I'm sure that if he were engaging in an activity disliked by, say, a crime boss and one of the boss' minions said, "It'd be a shame if anything bad happened to your beloved, elderly mother" he'd interpret that as a sincere desire that his beloved, elderly mother be safe from harm.

There's no explaining to those who won't understand.

Troy said...

dreamingmonkey... the threat is veiled. The license is predicated on their trusteeship. Reid thinks they are violating said trust -- therefore their license can be called into question.

Reid, bseides being full of hot air in general, is wrong -- ABC has no license, but KABC, in LA, does for example. How much more easily would it be to pick off little stations here and there without so much as an NYT or LA Times peep?

The person that talks the most is usually (not always)the one with something to hide -- parenting and policing 101. The Clintons have something to hide (again).

Come on Ruth Anne -- the ACLJ is a religionist (I hate Ann's use of that term -- it has a "Zionist" ring to it -- though I know you don't mean it that way AA) Christian organization that wants to set up a theocracy and force women to have babies.

Derve said...

And of course, now I plan to watch the show, which I wouldn't have done otherwise.

And you weren't going to watch Katie Couric's opening night performance either.

You and that TV set. *w*

SMGalbraith said...

, but I feel pretty confident that ABC is not going to have its broadcasting license revoked over this.

As Ann pointed out, ABC doesn't lose its license. Stations that broadcast the program will/could have them, if not revoked (doubtful), not renewed.

What about the "chilling effect" of such a letter?

Look, the Senators are saying two things:

(1) This program must be pulled (not edited or corrected; but pulled) because it's factually inaccurate;

(2) ABC and its affiliates have a legal obligation to broadcast fair and accurate programs.

That's certainly clear to me. If ABC shows this factually inaccurate program, the letter implies, they are violating the law.

"Chilling effect" anyone?

SMG

AJ Lynch said...

Knoxgirl said :

"Michael Moore...shits .....every few years."

Hm, I wonder if that explains his weight problem.

The Drill SGT said...

VNJAGVET,

I also thought this cloing section had a message:

Should Disney allow this programming to proceed as planned, the factual record, millions of viewers, countless schoolchildren, and the reputation of Disney as a corporation worthy of the trust of the American people and the United States Congress will be deeply damaged.
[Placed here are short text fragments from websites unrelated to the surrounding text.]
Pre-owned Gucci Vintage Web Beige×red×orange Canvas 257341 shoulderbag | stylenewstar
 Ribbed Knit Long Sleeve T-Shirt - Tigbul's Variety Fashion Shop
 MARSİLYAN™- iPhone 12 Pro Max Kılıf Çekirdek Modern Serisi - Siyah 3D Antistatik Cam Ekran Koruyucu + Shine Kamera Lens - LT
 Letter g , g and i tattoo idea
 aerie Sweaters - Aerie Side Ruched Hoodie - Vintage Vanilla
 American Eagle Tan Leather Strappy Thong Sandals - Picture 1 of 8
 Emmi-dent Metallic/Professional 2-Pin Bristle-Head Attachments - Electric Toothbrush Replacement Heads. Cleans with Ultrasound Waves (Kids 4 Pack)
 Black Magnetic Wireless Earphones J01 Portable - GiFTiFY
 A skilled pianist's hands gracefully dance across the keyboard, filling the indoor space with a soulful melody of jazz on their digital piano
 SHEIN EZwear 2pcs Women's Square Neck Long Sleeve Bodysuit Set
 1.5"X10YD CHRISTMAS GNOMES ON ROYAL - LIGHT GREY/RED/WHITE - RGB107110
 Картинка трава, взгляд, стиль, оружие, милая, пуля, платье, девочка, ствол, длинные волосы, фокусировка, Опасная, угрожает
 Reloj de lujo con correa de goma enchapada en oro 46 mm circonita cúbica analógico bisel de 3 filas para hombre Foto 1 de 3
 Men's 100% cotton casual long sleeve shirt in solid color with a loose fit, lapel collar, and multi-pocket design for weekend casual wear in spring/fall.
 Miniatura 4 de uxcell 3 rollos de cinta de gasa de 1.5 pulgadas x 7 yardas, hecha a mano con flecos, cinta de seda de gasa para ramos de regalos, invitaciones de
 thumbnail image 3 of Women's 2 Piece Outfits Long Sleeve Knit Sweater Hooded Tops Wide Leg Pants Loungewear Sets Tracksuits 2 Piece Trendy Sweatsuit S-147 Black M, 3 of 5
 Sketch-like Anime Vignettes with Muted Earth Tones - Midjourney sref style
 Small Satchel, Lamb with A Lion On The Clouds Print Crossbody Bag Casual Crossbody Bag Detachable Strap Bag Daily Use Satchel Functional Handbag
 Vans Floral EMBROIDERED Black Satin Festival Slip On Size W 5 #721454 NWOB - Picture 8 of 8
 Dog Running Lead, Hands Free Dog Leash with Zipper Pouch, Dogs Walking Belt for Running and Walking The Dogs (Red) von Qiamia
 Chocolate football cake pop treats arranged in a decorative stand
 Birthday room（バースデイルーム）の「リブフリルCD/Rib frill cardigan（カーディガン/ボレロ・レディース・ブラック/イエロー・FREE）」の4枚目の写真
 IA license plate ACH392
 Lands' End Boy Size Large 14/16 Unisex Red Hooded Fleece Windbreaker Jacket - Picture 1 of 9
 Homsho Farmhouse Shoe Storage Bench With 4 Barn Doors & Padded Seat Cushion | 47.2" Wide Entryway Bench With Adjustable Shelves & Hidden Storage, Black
We urge you, after full consideration of the facts, to uphold your responsibilities as a respected member of American society and as a beneficiary of the free use of the public airwaves to cancel this factually inaccurate and deeply misguided program.

Aspasia M. said...

Michael Kinsley describes himself as someone on the "left" of the political spectrum. Do you remember that he at one time hosted Crossfire on CNN, introducing himself as "on the left"?

Care to try again . . .?


I watched loads of Crossfire in highschool with my liberal, debate team friends.

Well, you asked me my opinion. We were often annoyed at Kinsey. And we classified him as center, not as the left.

I understand you have a different opinion. That's OK. But we obviously have a radically different critique of the mass media.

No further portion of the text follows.